- Aim of the exercise:
Which lines of the records contain "Guardian"? Collect every one of them.

==== Exercise materials

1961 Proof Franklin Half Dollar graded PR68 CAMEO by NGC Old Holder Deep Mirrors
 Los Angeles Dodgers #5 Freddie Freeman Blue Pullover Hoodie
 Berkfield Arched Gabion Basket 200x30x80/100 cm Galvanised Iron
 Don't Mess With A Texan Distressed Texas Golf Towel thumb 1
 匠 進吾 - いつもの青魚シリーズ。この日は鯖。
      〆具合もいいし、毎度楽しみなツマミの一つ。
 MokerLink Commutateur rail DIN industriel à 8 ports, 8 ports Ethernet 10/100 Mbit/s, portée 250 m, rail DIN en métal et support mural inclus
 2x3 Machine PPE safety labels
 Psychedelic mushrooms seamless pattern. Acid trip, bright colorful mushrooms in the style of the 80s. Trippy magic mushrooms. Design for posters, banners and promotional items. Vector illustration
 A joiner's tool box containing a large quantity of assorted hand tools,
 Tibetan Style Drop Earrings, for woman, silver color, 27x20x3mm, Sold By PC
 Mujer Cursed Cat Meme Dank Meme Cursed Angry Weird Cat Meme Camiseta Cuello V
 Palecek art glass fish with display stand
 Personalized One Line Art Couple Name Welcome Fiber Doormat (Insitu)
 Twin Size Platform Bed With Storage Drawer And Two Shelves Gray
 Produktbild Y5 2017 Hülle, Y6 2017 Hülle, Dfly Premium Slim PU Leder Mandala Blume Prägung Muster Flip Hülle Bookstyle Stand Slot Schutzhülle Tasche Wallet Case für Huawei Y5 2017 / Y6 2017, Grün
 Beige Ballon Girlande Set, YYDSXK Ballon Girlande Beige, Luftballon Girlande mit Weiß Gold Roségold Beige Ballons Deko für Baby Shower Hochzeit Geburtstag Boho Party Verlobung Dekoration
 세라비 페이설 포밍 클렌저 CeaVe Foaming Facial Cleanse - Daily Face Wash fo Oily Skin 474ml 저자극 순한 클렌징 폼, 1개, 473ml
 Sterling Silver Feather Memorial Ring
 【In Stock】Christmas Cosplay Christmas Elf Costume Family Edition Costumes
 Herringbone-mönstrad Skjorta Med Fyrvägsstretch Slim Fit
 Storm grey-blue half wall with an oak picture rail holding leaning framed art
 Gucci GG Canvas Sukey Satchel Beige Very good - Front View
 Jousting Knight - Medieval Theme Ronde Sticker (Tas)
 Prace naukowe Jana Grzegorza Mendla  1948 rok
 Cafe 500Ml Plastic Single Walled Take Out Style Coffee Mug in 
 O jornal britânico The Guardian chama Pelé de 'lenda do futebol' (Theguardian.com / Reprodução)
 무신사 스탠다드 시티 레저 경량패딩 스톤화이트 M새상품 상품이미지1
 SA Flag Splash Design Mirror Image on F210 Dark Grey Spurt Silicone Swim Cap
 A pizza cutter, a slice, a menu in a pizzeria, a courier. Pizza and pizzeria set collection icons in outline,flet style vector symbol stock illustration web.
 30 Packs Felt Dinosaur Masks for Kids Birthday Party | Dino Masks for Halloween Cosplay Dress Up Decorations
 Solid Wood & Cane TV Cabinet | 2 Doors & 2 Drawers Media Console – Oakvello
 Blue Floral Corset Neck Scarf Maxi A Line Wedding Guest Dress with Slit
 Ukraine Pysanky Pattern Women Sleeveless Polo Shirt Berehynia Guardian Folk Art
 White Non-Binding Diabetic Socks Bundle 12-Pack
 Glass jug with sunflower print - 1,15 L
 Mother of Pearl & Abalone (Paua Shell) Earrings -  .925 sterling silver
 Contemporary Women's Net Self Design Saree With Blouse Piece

========

- Exercise solution:
 O jornal britânico The Guardian chama Pelé de 'lenda do futebol' (Theguardian.com / Reprodução)
 Ukraine Pysanky Pattern Women Sleeveless Polo Shirt Berehynia Guardian Folk Art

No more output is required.